Stephen Beard: Glaswegian English has baffled visitors for years. The heavy accent alone renders it hard to follow. But add the rapid delivery and the local patois, and it’s incomprehensible to the outside world.
Take the word “toaty” for example. It means small. Or “hee haw” for nothing. Or the phrase “shoot the craw,” to leave in a hurry. Very quaint for tourists.
But Glasgow is growing as a business center. The language barrier’s becoming a problem.

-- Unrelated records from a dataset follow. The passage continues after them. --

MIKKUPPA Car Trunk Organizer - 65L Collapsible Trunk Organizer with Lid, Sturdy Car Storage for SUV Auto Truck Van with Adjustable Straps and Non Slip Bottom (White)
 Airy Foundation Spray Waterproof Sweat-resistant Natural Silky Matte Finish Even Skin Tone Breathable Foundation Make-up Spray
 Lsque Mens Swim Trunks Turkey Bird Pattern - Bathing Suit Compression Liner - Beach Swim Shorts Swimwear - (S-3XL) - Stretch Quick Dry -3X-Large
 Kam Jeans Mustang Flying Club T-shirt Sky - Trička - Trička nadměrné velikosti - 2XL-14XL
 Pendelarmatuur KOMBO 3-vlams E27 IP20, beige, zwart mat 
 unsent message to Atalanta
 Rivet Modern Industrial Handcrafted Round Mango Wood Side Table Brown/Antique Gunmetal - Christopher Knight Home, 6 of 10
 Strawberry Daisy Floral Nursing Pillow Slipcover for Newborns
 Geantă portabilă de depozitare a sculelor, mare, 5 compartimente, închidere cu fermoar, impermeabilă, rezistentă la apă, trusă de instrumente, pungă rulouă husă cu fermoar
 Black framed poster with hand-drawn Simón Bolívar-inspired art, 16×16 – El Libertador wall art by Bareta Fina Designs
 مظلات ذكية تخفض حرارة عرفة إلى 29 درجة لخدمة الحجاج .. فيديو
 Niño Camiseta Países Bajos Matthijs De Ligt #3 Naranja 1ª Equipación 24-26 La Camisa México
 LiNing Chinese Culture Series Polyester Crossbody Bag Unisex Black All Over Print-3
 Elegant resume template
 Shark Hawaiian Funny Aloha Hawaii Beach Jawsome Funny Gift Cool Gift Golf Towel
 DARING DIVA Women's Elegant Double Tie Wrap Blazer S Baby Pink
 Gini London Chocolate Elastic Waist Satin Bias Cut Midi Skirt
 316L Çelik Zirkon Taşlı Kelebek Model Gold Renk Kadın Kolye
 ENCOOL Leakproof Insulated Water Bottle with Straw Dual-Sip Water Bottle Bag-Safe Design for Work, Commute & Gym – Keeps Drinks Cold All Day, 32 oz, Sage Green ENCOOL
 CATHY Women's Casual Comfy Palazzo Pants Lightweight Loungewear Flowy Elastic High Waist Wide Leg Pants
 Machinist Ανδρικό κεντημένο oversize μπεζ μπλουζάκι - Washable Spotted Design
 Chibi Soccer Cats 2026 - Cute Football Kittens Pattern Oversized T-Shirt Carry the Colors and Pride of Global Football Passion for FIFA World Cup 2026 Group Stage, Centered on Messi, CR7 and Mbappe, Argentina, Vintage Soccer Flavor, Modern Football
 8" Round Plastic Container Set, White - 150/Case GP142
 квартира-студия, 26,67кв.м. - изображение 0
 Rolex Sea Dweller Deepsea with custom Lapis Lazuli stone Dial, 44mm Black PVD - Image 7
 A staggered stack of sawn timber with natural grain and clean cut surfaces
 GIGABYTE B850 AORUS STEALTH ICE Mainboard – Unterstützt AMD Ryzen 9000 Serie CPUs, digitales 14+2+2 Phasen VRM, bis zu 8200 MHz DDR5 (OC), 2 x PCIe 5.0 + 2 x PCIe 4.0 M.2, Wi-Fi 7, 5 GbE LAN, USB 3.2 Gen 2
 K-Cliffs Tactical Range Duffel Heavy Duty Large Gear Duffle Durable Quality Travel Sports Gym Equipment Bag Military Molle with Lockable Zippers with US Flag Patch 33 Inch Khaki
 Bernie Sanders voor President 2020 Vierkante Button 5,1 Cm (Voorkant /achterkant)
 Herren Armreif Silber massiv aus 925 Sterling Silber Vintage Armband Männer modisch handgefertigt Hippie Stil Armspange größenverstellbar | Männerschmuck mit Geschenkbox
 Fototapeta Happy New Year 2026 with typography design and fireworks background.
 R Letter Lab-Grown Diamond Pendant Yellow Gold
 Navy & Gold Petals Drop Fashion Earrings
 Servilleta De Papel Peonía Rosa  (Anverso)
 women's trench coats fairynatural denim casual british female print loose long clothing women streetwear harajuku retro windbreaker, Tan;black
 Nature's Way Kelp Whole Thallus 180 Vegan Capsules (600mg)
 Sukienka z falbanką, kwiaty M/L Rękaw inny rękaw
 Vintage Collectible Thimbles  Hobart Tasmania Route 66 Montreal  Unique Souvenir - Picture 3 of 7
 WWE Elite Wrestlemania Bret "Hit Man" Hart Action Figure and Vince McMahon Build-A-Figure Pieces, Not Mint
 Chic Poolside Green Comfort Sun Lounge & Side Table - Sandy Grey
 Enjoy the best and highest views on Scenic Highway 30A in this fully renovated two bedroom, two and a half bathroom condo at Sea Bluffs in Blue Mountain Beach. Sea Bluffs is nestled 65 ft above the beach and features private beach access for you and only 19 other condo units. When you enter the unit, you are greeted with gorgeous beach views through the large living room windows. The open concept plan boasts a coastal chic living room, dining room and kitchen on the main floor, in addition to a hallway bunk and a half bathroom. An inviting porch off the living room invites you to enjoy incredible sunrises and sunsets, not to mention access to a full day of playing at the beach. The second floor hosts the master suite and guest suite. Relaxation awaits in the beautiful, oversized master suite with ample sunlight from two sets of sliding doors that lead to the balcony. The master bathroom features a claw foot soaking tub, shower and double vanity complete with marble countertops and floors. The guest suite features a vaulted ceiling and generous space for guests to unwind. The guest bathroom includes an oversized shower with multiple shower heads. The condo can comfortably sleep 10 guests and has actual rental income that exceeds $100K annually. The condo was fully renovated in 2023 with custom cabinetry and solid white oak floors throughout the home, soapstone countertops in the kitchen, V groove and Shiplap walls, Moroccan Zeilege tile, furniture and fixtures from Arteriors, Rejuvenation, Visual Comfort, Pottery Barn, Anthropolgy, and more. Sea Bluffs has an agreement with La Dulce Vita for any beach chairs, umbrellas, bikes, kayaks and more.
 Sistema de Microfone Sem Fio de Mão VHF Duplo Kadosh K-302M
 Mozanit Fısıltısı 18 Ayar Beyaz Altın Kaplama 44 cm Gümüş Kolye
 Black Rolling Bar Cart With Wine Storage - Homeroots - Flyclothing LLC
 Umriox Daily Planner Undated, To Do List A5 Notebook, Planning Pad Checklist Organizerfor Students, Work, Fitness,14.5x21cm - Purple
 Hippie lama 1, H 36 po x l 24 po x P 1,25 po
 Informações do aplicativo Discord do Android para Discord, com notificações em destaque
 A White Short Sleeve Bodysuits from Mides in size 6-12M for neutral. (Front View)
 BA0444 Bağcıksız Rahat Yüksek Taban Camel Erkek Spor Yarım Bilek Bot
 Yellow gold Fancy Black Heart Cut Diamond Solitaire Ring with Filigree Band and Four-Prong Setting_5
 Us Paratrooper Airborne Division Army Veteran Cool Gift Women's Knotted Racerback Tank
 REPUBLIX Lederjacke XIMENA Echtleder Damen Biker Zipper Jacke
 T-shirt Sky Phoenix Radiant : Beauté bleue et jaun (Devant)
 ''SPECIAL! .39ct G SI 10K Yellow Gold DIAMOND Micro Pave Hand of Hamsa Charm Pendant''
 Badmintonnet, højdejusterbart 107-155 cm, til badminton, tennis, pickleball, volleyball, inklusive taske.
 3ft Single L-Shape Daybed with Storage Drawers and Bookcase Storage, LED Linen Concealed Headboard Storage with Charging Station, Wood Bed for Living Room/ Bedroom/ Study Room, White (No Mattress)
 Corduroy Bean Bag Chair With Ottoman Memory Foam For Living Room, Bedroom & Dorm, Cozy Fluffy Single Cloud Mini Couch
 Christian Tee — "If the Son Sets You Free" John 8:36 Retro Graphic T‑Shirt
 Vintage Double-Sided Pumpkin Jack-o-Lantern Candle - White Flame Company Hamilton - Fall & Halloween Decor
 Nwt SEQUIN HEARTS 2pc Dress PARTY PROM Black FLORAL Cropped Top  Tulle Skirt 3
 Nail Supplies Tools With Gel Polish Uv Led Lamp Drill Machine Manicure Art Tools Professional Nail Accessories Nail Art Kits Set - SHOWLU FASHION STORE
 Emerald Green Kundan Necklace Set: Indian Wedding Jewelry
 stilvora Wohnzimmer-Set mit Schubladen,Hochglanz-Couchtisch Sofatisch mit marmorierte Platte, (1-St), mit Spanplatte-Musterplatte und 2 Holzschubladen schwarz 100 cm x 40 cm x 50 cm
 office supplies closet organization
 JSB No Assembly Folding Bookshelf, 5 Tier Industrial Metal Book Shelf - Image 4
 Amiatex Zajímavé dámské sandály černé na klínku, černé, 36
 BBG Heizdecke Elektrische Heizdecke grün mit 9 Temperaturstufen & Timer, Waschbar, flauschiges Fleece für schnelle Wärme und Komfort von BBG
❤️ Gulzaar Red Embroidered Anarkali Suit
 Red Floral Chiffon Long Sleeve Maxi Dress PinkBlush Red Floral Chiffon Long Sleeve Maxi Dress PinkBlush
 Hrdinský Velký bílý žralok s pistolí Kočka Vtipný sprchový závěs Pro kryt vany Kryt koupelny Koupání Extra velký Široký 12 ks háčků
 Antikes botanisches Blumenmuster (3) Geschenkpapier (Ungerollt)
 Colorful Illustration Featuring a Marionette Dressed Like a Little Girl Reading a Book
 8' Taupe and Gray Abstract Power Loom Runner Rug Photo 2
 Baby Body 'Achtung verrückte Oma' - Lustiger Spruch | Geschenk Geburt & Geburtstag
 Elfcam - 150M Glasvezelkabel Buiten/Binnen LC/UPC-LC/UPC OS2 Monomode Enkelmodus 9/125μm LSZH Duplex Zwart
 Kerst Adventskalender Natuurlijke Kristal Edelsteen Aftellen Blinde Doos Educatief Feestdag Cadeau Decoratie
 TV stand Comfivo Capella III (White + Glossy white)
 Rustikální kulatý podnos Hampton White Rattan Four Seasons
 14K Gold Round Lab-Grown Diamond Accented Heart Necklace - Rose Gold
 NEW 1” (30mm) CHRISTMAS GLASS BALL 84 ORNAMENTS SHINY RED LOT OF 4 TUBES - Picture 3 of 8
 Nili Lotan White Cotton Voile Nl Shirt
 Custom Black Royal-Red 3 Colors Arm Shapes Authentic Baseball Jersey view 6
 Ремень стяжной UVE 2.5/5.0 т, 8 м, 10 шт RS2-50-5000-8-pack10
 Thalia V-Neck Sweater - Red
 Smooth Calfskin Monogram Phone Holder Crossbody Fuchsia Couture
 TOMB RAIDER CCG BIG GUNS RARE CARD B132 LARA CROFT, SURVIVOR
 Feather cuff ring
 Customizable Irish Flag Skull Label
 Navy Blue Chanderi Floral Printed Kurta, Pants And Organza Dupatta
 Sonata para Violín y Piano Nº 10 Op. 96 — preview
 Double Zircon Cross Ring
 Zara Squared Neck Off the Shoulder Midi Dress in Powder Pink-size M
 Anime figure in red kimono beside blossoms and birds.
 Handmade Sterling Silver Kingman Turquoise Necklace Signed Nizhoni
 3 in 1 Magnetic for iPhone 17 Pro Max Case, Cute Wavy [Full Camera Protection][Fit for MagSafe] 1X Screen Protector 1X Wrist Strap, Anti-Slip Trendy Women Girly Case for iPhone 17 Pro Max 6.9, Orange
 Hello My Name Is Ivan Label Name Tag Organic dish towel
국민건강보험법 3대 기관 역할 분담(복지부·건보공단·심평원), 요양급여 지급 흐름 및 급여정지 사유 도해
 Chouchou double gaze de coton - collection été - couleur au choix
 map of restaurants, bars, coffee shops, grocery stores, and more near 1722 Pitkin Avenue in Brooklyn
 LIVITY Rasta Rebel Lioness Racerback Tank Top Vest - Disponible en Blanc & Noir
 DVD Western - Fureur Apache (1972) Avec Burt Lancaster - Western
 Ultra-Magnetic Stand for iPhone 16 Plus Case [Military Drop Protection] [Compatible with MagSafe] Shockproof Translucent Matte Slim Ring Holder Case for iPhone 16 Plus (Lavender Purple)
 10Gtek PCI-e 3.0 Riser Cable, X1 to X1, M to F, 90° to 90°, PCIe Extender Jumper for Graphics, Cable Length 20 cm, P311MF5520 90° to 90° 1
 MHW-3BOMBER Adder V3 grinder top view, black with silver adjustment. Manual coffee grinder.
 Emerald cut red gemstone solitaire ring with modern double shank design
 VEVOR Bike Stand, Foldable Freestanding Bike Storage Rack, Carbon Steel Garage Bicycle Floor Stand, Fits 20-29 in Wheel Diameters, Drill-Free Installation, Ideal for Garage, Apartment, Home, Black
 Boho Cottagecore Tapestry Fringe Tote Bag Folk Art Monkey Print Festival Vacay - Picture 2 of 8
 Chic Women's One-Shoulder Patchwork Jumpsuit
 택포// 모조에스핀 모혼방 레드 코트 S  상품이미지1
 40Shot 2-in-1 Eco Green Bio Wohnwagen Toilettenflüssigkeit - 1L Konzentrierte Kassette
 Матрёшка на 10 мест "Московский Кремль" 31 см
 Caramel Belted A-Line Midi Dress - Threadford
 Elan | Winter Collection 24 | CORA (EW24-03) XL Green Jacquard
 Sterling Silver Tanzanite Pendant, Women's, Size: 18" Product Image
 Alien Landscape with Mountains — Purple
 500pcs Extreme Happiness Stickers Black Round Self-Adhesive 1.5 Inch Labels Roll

Jurga Zilinskiene of the London interpreting firm, Today Transatlations.
JURGA ZILINSKIENE: We’ve had some requests from our clients who are in need of some assistance when they’re holding meetings in Glasgow with local people. This is one of the reasons we advertised for Glaswegian interpreters.
Business visitors who want to go it alone in Glasgow are advised at least to take a phrasebook. And whatever you say in this famously tough city try not to invite what they call a “Glasgow Kiss”. In American English, it’s a head butt.
In London this is Stephen Beard for Marketplace.